There’s no escaping it: multiplayer on a single iPad is pretty much always a full contact sport. It’s all hands and fingers everywhere, ducking and dodging to see under and around your opponent and clear to your goal. You can try to fight it, to keep everything very organized so everyone stays in their respective corners. Or you can embrace it, as Alistair Aitcheson has with Slamjet Stadium ($2.99)
Slamjet Stadium is pretty chaotic in its Solo mode, in that crazy future bloodsport sort of way. Playing bumper cars with a soccer ball, more or less. Then you add a second player on the same screen, and things get downright aggressive. This is a game that encourages players to steal their opponents’ units if it helps. Anything goes, though you really ought to stop before your opponent gets physical.
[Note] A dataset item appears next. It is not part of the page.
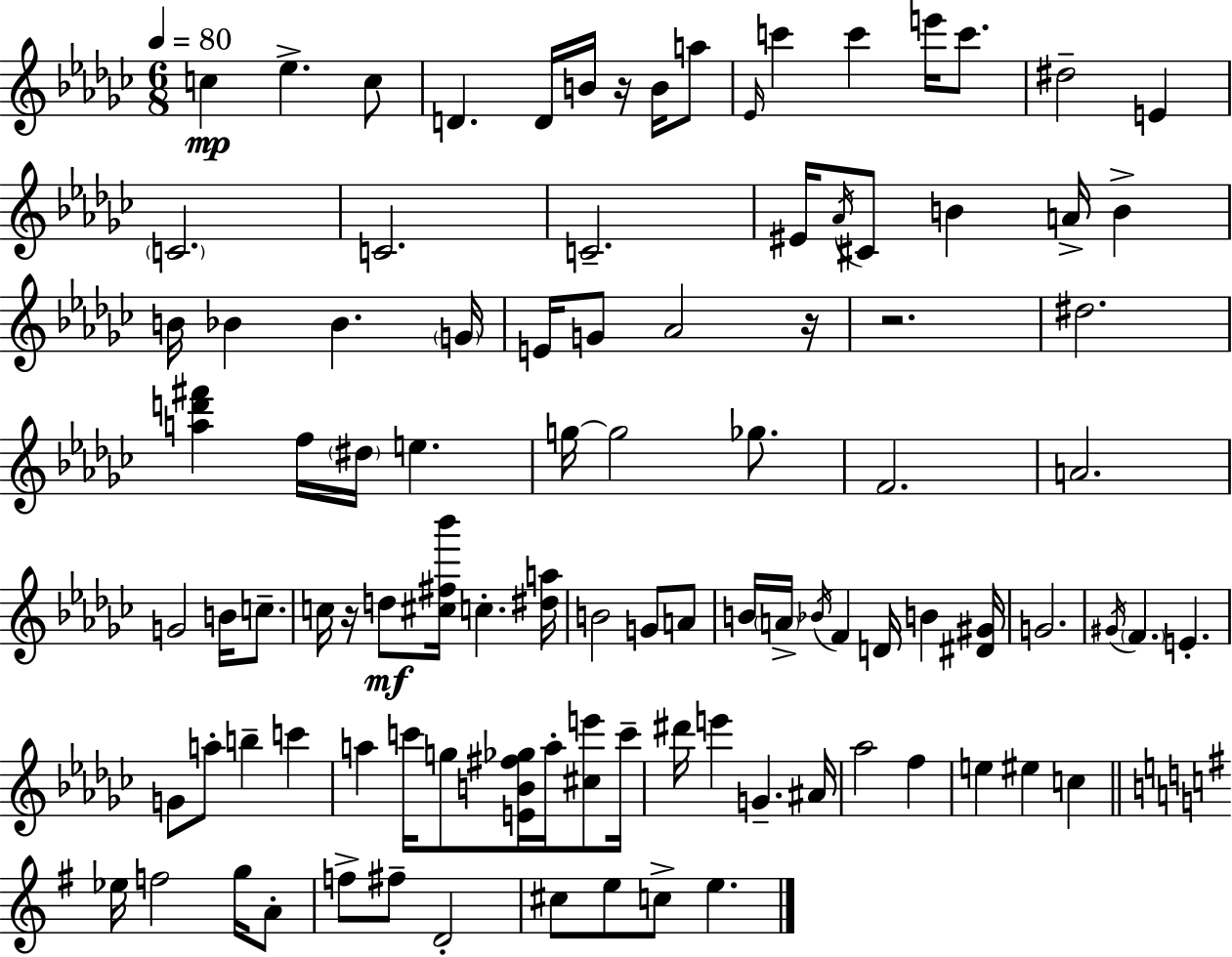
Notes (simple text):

C5/q Eb5/q. C5/e D4/q. D4/s B4/s R/s B4/s A5/e Eb4/s C6/q C6/q E6/s C6/e. D#5/h E4/q C4/h. C4/h. C4/h. EIS4/s Ab4/s C#4/e B4/q A4/s B4/q B4/s Bb4/q Bb4/q. G4/s E4/s G4/e Ab4/h R/s R/h. D#5/h. [A5,D6,F#6]/q F5/s D#5/s E5/q. G5/s G5/h Gb5/e. F4/h. A4/h. G4/h B4/s C5/e. C5/s R/s D5/e [C#5,F#5,Bb6]/s C5/q. [D#5,A5]/s B4/h G4/e A4/e B4/s A4/s Bb4/s F4/q D4/s B4/q [D#4,G#4]/s G4/h. G#4/s F4/q. E4/q. G4/e A5/e B5/q C6/q A5/q C6/s G5/e [E4,B4,F#5,Gb5]/s A5/s [C#5,E6]/e C6/s D#6/s E6/q G4/q. A#4/s Ab5/h F5/q E5/q EIS5/q C5/q Eb5/s F5/h G5/s A4/e F5/e F#5/e D4/h C#5/e E5/e C5/e E5/q.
It’s probably not supposed to be that sort of bloodsport.
Each player (or team) controls two units, slingshotting them to try to get a small ball into the other team’s goal. The stadiums are claustrophobic. Four bumper car-style units is a crowd, and anything more would be impossible. Half the battle is avoiding your own goal, and the rest is making the best of the arena.
In single-player, that doesn’t mean much. The arenas are simple, and opponents don’t do much but shoot to win. There are powerups, clever in their implementation, that go entirely unused. They cycle in the centre of the field, swapping through times and teams. Tap that center at the right moment and you’ll power yourself up. Tap it at the wrong moment and you’ll power up your enemy. They won’t do it for themselves, so you might as well do it for them.
As you can probably imagine by now, you shouldn’t play alone—not for long. There is a solo campaign, with three tournaments of increasing difficulty. With an opponent that ranges from barely mobile to occasionally challenging, though, it isn’t really there for much more than the learning curve. You can unlock a few arenas in solo play—arenas for the multiplayer part of the game. Which, in case you haven’t picked up on it, is where you should be spending your effort.
There are limiting factors, of course. You can play with two players, or up to four if you’re willing to let things get really messy with two players per team. Either way, they have to be local. There are no multi-device modes, which is a shame. The chaos might suffer some from being played online, but the core of the game is solid without all the hand-bumping. If you have another local player, on the other hand, you’re set for quite a lot of ridiculous fun.
You only need to commit to the craziness, and Slamjet Stadium makes that easy. The whole game has this crayola-bright hand drawn look, interface, loading screens, menus and all. The teams are clever caricatures of sci-fi tropes. The audio is full of the sort of over-the-top sound effects and announcement you might find at a sporting event that knows it isn’t meant to be taken seriously. It’s a peppy world to play around in, and an upbeat game to play.
Just so long as you don’t take it all that seriously. It might be nice to have a tournament structure for multiplayer, but no. Probably not a good call to get folks too invested in success in a game that encourages stealing other players’ units, cheating, fighting for control of the iPad and otherwise making a nuisance of one’s self. Slamjet Stadium is made to be taken lightly, to be played for a laugh when you’re with good friends. Not the sort of friends that feel strongly about winning or losing, though. It’s all about how you play the game, and we’re not talking about good sportsmanship.